Free chocolate chip cookies are also being handed out today in New York City, at Penn Station, and in Chicago’s Union Station (while supplies last).

The twist for train travelers is that in both stations DoubleTree representatives will be handing out pairs of chocolate chip cookies, encouraging cookie lovers to join the brand’s “Nice Travels” movement by keeping one cookie for themselves and giving the other to a friend, co-worker or stranger.

But, of course, there’s no law that says you can’t keep both cookies for yourself.

Cookie fans who can’t cash in on today’s free chocolate chip cookie giveaway campaign can still celebrate National Chocolate Chip Cookie Day by baking a batch of cookies at home.

“Chocolate chip cookies are our most loved cookie type,” said Esmee Williams, a spokeswoman for, which currently has 1,477 chocolate chip cookie recipes on its site.

Williams attributes the popularity of chocolate chip cookies to how easy they are to make, to their broad flavor appeal — and to the fact that the raw cookie batter is tasty to snack on.

There’s also the nostalgia factor.

“When we asked home cooks in our 2016 Back to School survey what was the first thing they baked, chocolate chip cookies were among the most commonly shared response,” said Williams.

Wherever or however you eat your chocolate chip cookie today, take a moment to thank Ruth Wakefield. While mixing up some cookie dough at a Massachusetts roadside lodge called the Toll House Inn back in 1930, Wakefield ran out of baker’s chocolate and decided to try adding bits of semi-sweet chocolate to the batter. But the chocolate pieces didn’t melt into the dough, and instead of coming out of the oven as all-chocolate cookies, a new taste sensation — the chocolate chip cookie — was born.

In Wakefield’s honor, in 1997 the state of Massachusetts, at the urging of a third grade class, designated the chocolate chip cookie as the official cookie of the Commonwealth, in honor of Wakefield’s invention.

If you miss out on the festivities of National Chocolate Chip Day, don’t fret. August has many more holidays to offer.

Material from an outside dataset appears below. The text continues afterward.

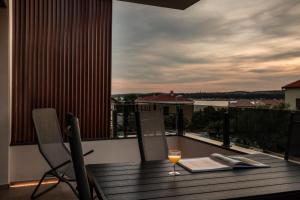 Villa Olea 150m to beach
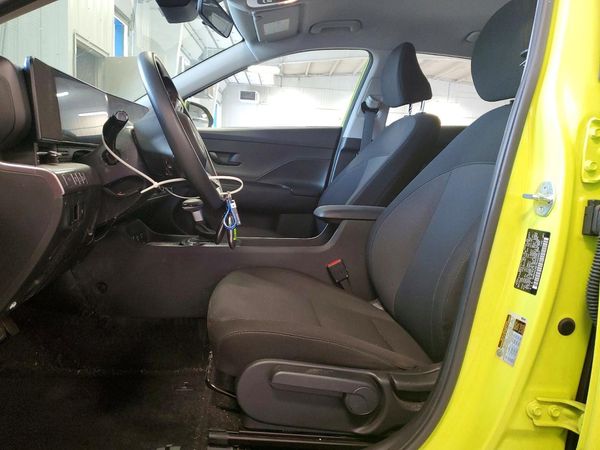 2024 HYUNDAI KONA SE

Friday, August 5th, is National Oyster Day, with many restaurants and bars in New Orleans and elsewhere around the country celebrating the day with complimentary and discounted bivalves.

To mark the day, “Go where the oysters are, take a trip to a local oyster farm to see where and how they grow. And buy some on the spot!” urged Cynthia Nims, Seattle-based author of "Oysters: Recipes That Bring Home a Taste of the Sea."

“Some places may have on-site picnic tables and maybe even barbecues so you can sit to enjoy them right away,” she noted.

Not a fan of chocolate chip cookies or oysters?

National Bowling Day rolls in on Saturday, August 13.

On that day, Bowlmor AMF centers around the country will be offering free bowling between 10 a.m. and noon at any of the 300 bowling centers the company operates.